During this evaluation it is important to go into some detail about what the different solutions actually provide, and not only look at what they claim they provide. For example, many solutions claim they provide native git (version control) integration, but in practice they often do not treat it as first-class citizen. It is then important that the evaluator has enough experience to accurately estimate how far this would impact a best practice MLOps approach.

In conclusion, the tooling evaluation stage involves defining a list of potential solutions and rigorously analyzing each based on their coverage of your requirements and the effort needed to implement them.

Comparison and Decision-Making

The final step is to compare the different tools based on their evaluations and select the best one. This involves calculating a rating score (or multiple scores, e.g., one per category) for each solution, considering importance, coverage, and effort. We convert the ratings for each dimension to numbers and then multiply all three numbers to get a score for each requirement, which can then be summed up.

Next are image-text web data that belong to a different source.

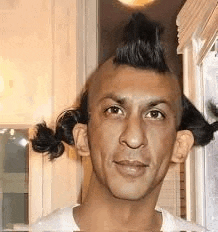 a man with a mohawk and pigtails on his head is standing in front of a window .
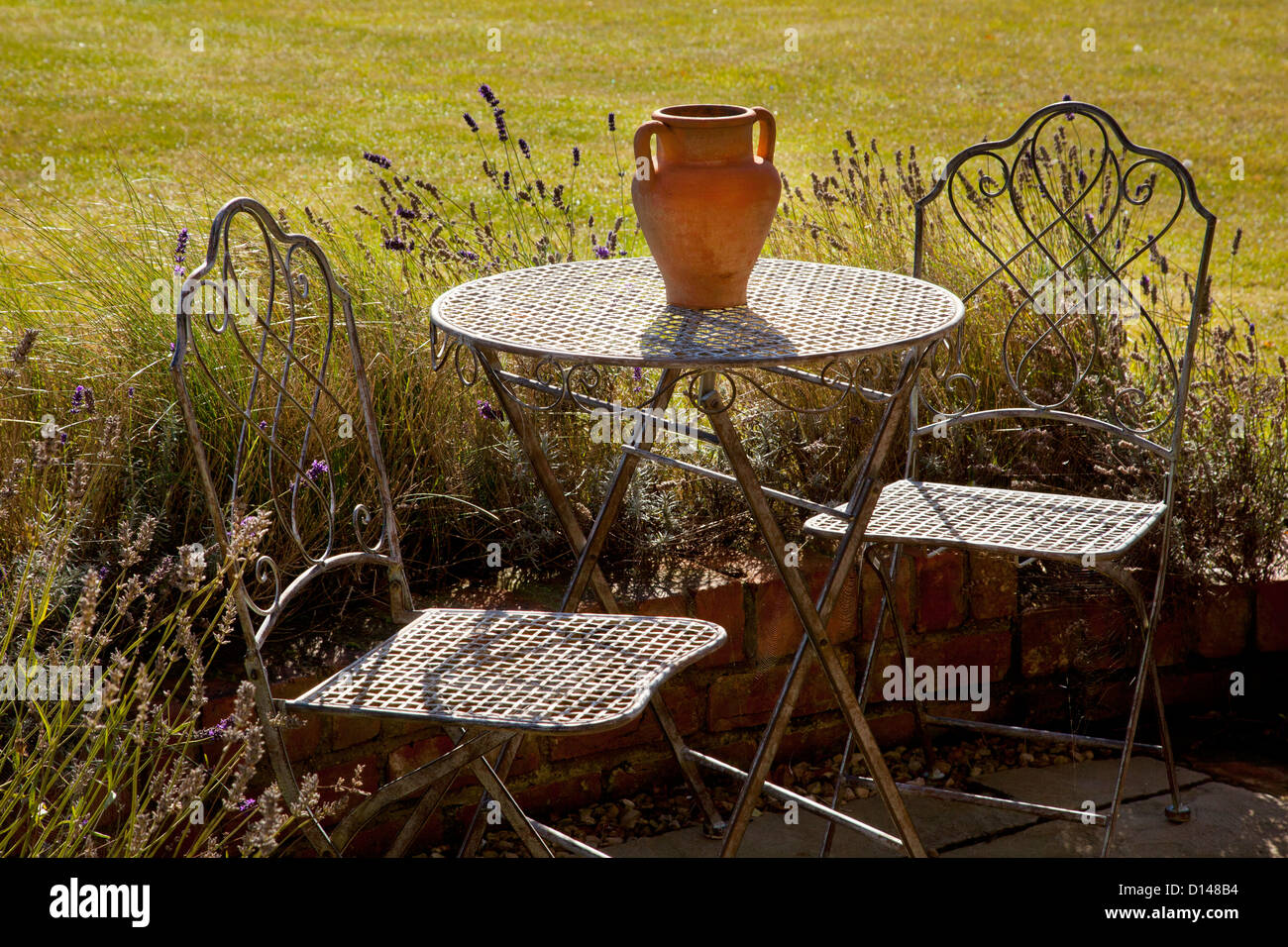 Metal French style mobilier de jardin table et chaises avec pot en terre cuite à l'été jardin Anglais Banque D'Images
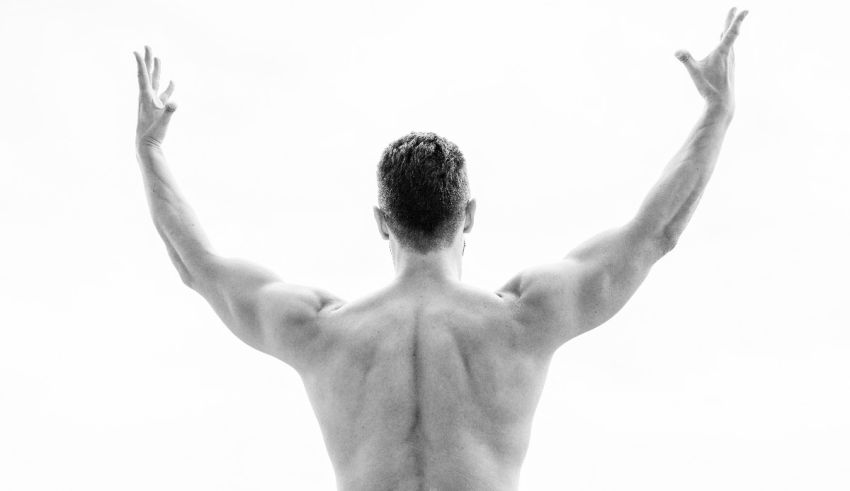 A black and white photo of a man with his arms raised.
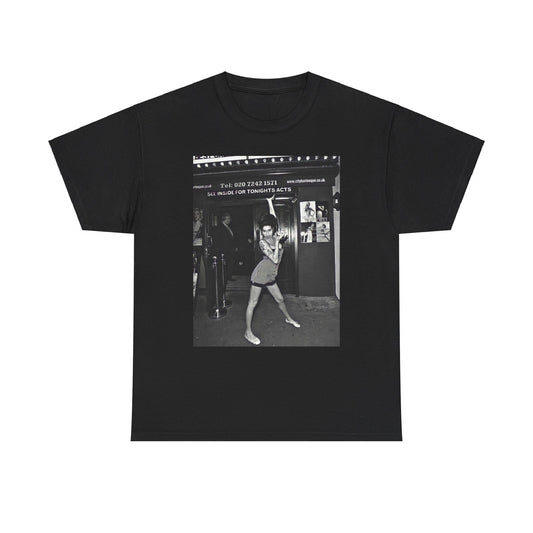 A black graphic t-shirt featuring a black and white graphic of Amy Winehouse in a burlesque club setting, stylized to evoke that ambiance.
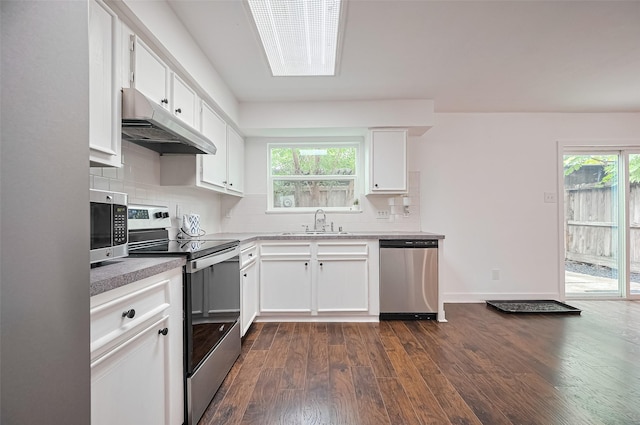 10174 Beekman Place Dr, Houston, TX 77043 - kitchen featuring appliances with stainless steel finishes, under cabinet range hood, dark wood-style flooring, tasteful backsplash, and plenty of natural light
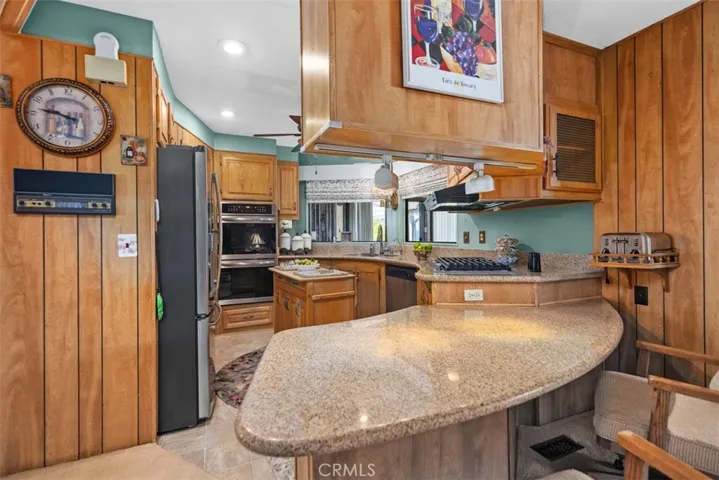 Kitchen with counter seating, stainless appliances and gas cooktop.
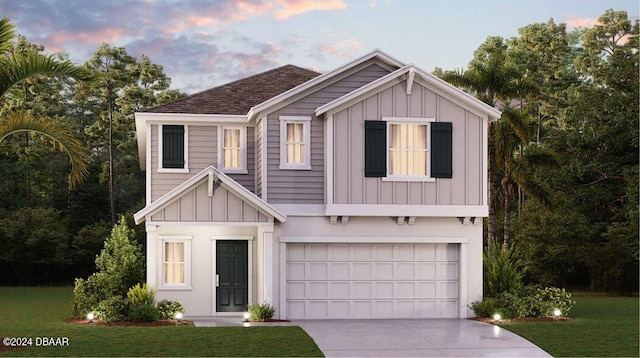 view of front of house featuring a yard and a garage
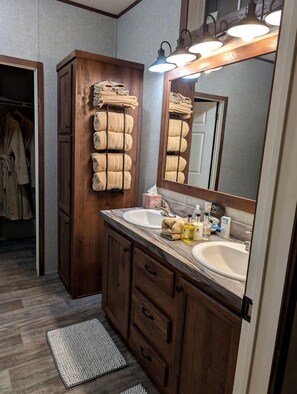 Een badkamer met houten kastjes, een dubbele wastafel en een spiegel met verlichting.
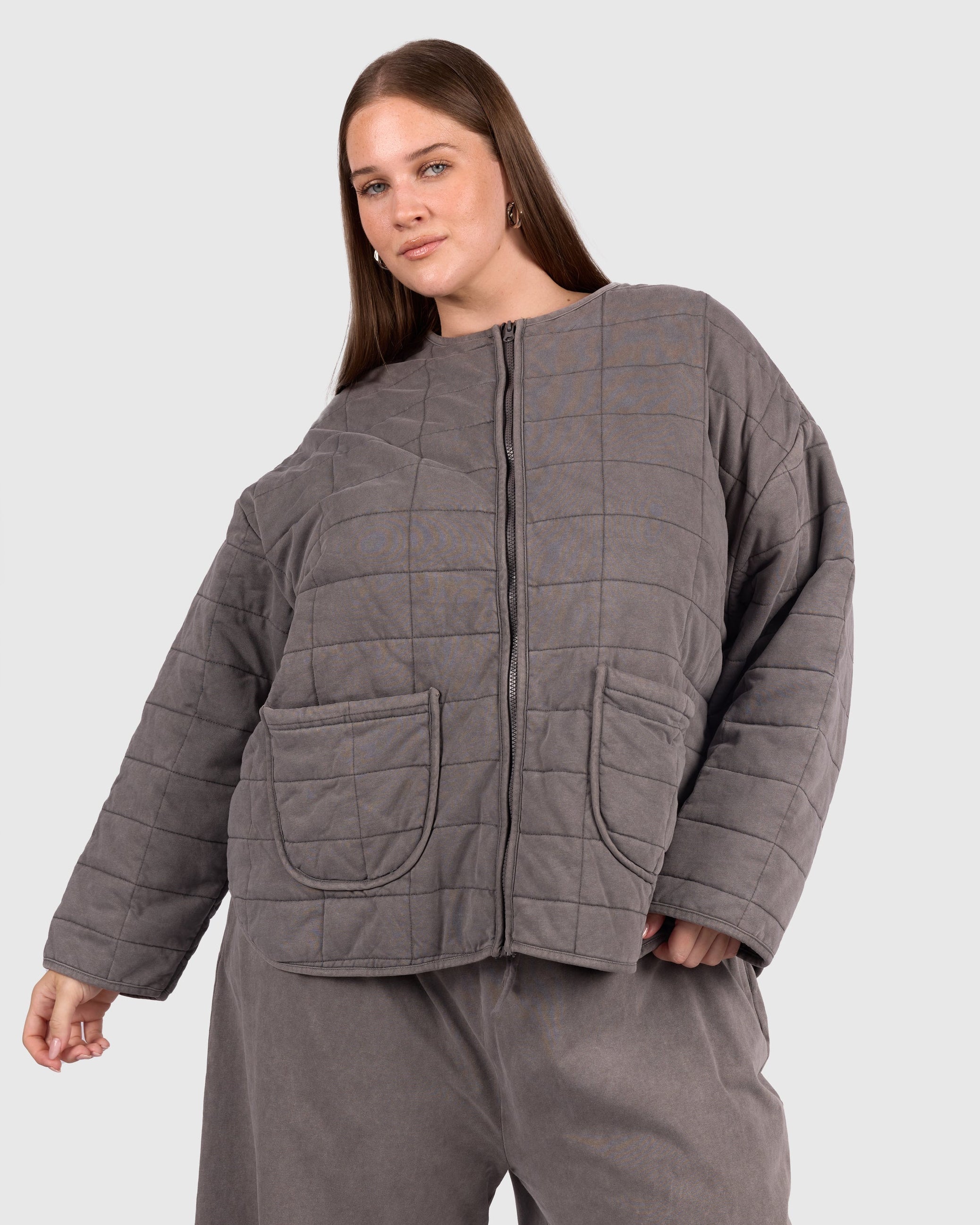Woman wearing a size inclusive charcoal colour quilted jacket.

At this point, it is crucial to present and discuss the results, again including all stakeholders. Some refinements or adjustments may be needed. This could involve making slight modifications to the original criteria or their criticality. It is also worth noting that, in many instances, conducting a Proof of Concept (POC) with one or two of the top-ranking solutions is beneficial. This allows you to evaluate the tool's effectiveness in your specific environment before committing comprehensively. We are pleased that our POC service offerings from the Swiss Digital Network have a proven track record of delivering valuable insights and aiding in informed decision-making.

Conclusion: The Power of a Systematic Approach

This blog post details our robust and proven methodology for evaluating tooling solutions in Data, ML and MLOps. Our approach is well-defined, adaptable, and considers any organization's nuanced requirements.

To ensure the effectiveness of this approach, a certain level of expertise in understanding and rating tools is essential, as well as an unbiased attitude. In general, you could implement this approach independently to find the best solution for your organization. It is designed to be easily adaptable by anyone and applicable to most business environments. In practice, many of our customers would struggle to perform the evaluation completely on their own due to a lack of resources, expertise, or holistic market overview.

Don't hesitate to reach out if you need further assistance or prefer an objective, third-party perspective, and consulting service!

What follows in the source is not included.